It happens in China routinely. It frequently happened in the old Soviet Union. Undoubtedly in North Korea, although generally there’s no one around to witness it. But in the United States? It happens here, too, apparently.

A lawsuit has been filed by officials with the Rutherford Institute on behalf of a Marine who was jailed and held for the comments he made on Facebook – comments that expressed a dissatisfaction with the present direction of the U.S. government.

According to officials at Rutherford, the civil rights action names as defendants members of law enforcement and the government who were involved in last year’s episode where Marine veteran Brandon Raub, 27, was arrested by a swarm of FBI and Secret Service and forcibly detained in a psychiatric ward for a week.

His crime was posting controversial song lyrics and political views on Facebook, the institute reported.

But the article fails to mention, as the Associated Press did, that one of those "controversial song lyrics" was the line "Sharpen my axe; I'm here to sever heads." That's a line from the obscure Canadian hip-hop group Swollen Members. The rest of the song, "Bring Me Down," also contains lyrics that could be construed as disturbing:

They'll say I'm a killer
I feel I'm as high as I can be
And now they gon' die as high as me
I can't be no realer
Y'all ain't gon' bring me down [3X]
I can't be no realer; y'all ain't gon' bring me down

WND also fails to mention that Raub has expressed truther beliefs on his website -- that the U.S. government was complicit in the 9/11 attacks. According to the AP, one of Raub's Facebook posts pictured the gaping hole in the Pentagon and asked "where's the plane?"

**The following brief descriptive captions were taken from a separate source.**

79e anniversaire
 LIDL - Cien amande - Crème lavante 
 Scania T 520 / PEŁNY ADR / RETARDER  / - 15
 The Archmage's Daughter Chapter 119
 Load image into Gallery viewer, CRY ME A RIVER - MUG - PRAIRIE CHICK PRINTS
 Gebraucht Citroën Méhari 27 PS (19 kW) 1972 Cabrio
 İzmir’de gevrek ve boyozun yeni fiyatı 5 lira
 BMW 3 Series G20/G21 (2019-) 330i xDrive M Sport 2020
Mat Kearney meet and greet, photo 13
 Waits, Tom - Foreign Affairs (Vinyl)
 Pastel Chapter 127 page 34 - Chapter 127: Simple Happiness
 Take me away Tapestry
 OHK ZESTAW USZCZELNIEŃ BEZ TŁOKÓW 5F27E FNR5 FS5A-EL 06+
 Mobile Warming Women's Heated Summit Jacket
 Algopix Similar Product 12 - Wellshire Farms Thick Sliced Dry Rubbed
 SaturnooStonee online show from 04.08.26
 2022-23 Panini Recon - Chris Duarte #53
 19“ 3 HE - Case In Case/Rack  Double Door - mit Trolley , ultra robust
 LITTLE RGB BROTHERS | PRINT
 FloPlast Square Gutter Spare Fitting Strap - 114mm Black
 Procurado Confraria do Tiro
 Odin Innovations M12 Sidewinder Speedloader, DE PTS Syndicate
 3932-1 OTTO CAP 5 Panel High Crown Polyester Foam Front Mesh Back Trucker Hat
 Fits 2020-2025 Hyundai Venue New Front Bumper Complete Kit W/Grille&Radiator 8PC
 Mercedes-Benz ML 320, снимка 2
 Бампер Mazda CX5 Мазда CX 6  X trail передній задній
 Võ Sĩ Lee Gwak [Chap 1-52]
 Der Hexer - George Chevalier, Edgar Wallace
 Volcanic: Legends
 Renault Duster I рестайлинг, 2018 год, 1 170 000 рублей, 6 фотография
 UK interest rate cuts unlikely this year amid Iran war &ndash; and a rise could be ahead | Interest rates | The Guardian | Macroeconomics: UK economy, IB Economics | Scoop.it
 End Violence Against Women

WND selectively quoted from a Raub posting in which he wrote that “The United States was meant to lead the charge against injustice, but through our example not our force. People do not respond to having liberty and freedom forced on them," but made no mention that it's part of a larger rant in which he rails against the Federal Reserve and the income tax and states:

You elected an aristocracy. They are beholden to special interests. They were brainwashed through the Council on Foreign Relations. Your leaders are planning to merge the United States into a one world banking system. They want to put computer chips in you.

These men have evil hearts. They have tricked you into supporting corporate fascism. We gave them the keys to our country. We were not vigilant with our republic.

There is hope. BUT WE MUST TAKE OUR REPUBLIC BACK.

Jerome Corsi performs a similar whitewashing job in a June 11 WND article, claiming that Raub merely made Facebook comments "expressing dissatisfaction with the present direction of the U.S. government." Corsi makes no effort to tell readers what Raub actually said.

Instead, Corsi tries to extrapolate into a larger, unproven claim by Raub's attorney that "The NSA is systematically monitoring the Internet posts and telephone conversations of U.S. military returning from Afghanistan."

Given Raub's disturbing postings, it's easy to see why they raised red flags. Instead, WND would rather protect someone who says such things. But then, they have promoted child abusers and stalkers, so why wouldn't they?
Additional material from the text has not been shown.